The differentiation of the ‘economic’ and the ‘political’ is, of course, not simply a theoretical but a practical problem. There is perhaps no greater obstacle to socialist practice than the separation of economic and political struggles which has typified modern working class movements. If this obstacle were, as many revolutionary socialists have contemptuously suggested, merely the product of a misguided, ‘underdeveloped’, or ‘false’ consciousness on the part of the working class, it might be easier to overcome. The tenacity of working class ‘economism’, however, derives precisely from its correspondence to the realities of capitalism and the ways in which capitalist appropriation and exploitation actually do divide the arenas of economic and political action, and actually do transform certain essential political issues—struggles over domination and exploitation that historically have been inextricably bound up with political power—into distinctively ‘economic’ issues. This ‘structural’ separation may, indeed, be the most effective defense mechanism available to capital.

If, therefore, the object of Marxist theory is to shed light on the terrain of political action, it can neither ignore these historical realities nor ratify them by entrenching the separation of economics and politics that has served capitalism so well in theory and practice. Instead, it should explain precisely how and in what sense capitalism has driven a wedge between the economic and the political—how and in what sense essentially political issues like the disposition of powers to control production and appropriation, or the allocation of social labour and resources, have been cut off from the political arena and displaced to a separate ‘sphere’.

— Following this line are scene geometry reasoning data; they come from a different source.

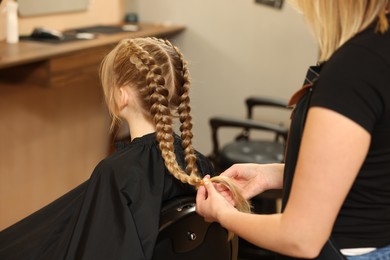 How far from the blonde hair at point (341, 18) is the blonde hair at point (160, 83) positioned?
60cm

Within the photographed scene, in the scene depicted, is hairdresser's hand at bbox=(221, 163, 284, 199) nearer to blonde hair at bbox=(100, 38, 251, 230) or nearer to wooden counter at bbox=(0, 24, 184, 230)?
blonde hair at bbox=(100, 38, 251, 230)

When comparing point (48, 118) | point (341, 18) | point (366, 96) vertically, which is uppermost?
point (341, 18)

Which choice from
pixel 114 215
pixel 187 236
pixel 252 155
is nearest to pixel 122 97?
pixel 114 215

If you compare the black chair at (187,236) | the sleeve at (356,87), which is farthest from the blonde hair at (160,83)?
the sleeve at (356,87)

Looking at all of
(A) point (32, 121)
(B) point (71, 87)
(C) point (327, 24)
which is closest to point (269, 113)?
(B) point (71, 87)

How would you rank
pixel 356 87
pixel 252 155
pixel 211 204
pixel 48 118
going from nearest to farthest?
pixel 356 87 → pixel 211 204 → pixel 252 155 → pixel 48 118

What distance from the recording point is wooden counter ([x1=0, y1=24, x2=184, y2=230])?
2.62m

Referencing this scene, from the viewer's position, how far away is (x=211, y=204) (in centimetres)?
115

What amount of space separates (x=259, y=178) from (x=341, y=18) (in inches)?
20.1

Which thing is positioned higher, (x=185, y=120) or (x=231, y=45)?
(x=185, y=120)

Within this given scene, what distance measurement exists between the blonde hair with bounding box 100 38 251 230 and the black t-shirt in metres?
0.56

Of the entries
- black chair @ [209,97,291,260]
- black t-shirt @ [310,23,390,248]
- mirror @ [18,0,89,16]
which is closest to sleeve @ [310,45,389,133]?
black t-shirt @ [310,23,390,248]

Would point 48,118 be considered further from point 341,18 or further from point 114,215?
point 341,18

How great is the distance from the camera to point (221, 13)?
3738mm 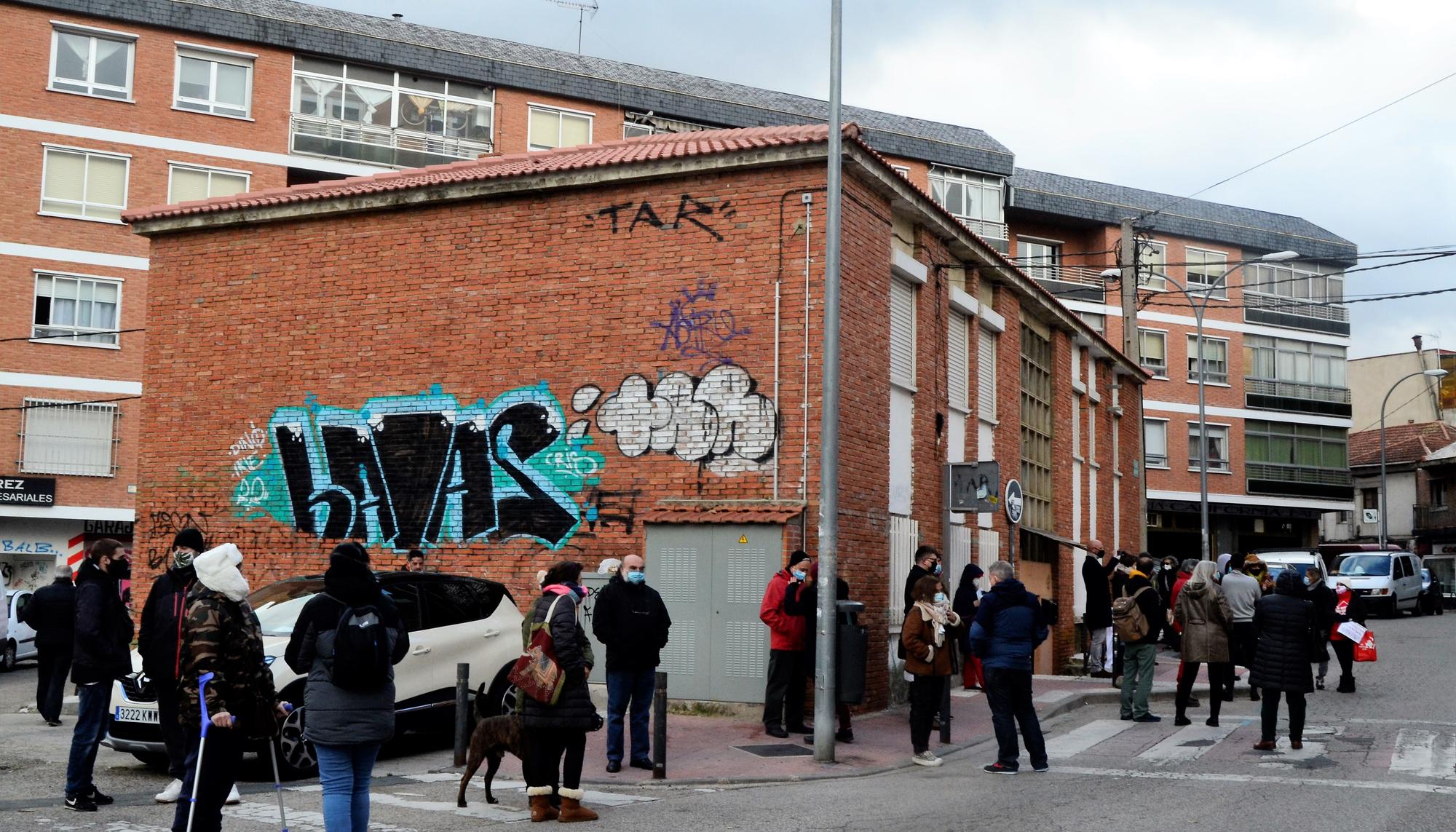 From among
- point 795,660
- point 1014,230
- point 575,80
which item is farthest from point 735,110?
point 795,660

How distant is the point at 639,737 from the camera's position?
10.9 meters

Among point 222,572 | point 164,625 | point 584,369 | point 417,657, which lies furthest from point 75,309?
point 222,572

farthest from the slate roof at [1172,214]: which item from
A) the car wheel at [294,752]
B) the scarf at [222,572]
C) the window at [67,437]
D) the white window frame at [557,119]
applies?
the scarf at [222,572]

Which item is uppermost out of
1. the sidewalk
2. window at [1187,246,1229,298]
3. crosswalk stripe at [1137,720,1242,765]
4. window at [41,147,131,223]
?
window at [1187,246,1229,298]

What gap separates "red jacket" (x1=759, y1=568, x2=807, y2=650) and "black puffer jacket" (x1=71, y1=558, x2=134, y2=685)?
18.1ft

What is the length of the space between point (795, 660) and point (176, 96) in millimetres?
27199

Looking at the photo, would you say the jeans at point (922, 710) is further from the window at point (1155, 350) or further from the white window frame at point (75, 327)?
the window at point (1155, 350)

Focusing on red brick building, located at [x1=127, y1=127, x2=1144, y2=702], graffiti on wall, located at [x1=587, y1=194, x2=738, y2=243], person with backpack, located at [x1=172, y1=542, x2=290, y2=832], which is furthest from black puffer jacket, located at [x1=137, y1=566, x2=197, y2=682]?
graffiti on wall, located at [x1=587, y1=194, x2=738, y2=243]

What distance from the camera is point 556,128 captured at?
122 feet

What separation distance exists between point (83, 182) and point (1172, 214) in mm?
36234

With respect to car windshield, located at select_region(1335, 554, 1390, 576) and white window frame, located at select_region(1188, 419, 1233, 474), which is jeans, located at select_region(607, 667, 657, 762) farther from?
white window frame, located at select_region(1188, 419, 1233, 474)

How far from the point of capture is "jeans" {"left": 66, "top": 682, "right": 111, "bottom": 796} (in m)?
8.65

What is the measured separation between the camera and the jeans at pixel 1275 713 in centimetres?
1166

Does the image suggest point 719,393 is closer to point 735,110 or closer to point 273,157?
point 273,157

Karl Marx presented the world in its political aspect, not only in his explicitly political works but even in his most technical economic writings. His critique of political economy was, among other things, intended to reveal the political face of the economy which had been obscured by bourgeois political economists. The fundamental secret of capitalist production disclosed by Marx—the secret that political economy systematically concealed, making it finally incapable of accounting for capitalist accumulation—concerns the social relation and the disposition of power that obtains between the worker and the capitalist to whom he sells his labour-power. This secret has a corollary: that the disposition of power between the individual capitalist and worker has as its condition the political configuration of society as a whole—the balance of class forces and the powers of the state which permit the expropriation of the direct producer, the maintenance of absolute private property for the capitalist, and his control over production and appropriation. In volume 1 of Capital Marx works his way from the commodity form through surplus value to the ‘secret of primitive accumulation’, disclosing at last that the ‘starting point’ of capitalist production ‘. . . is nothing else than the historical process of divorcing the producer from the means of production’, [1] a process of class struggle and bloody intervention by the state on behalf of the expropriating class. The very structure of the argument suggests that, for Marx, the ultimate secret of capitalist production is a politicalone. What distinguishes his analysis so radically from classical political economy is that it creates no sharp discontinuities between economic and political spheres; and he is able to trace the continuities because he treats the economy itself not as a network of disembodied forces but, like the political ‘sphere’, as a set of social relations.

This has not, however, been equally true of Marxism since Marx. In one form or another and in varying degrees, Marxists have generally adopted modes of analysis which, explicitly or implicitly, treat the economic ‘base’ and the legal, political, and ideological ‘superstructures’ which ‘reflect’ or ‘correspond’ to it as qualitatively different, more or less enclosed and ‘regionally’ separated spheres. This is most obviously true of orthodox base-superstructure theories. It is also true of their variants which speak of economic, political, and ideological ‘factors,’ ‘levels’ or ‘instances’, no matter how insistent they may be about the interaction of factors or instances, or about the remoteness of the ‘last instance’ in which the economic sphere finally determines the rest. Indeed, these formulations merely emphasize the spatial separation of spheres.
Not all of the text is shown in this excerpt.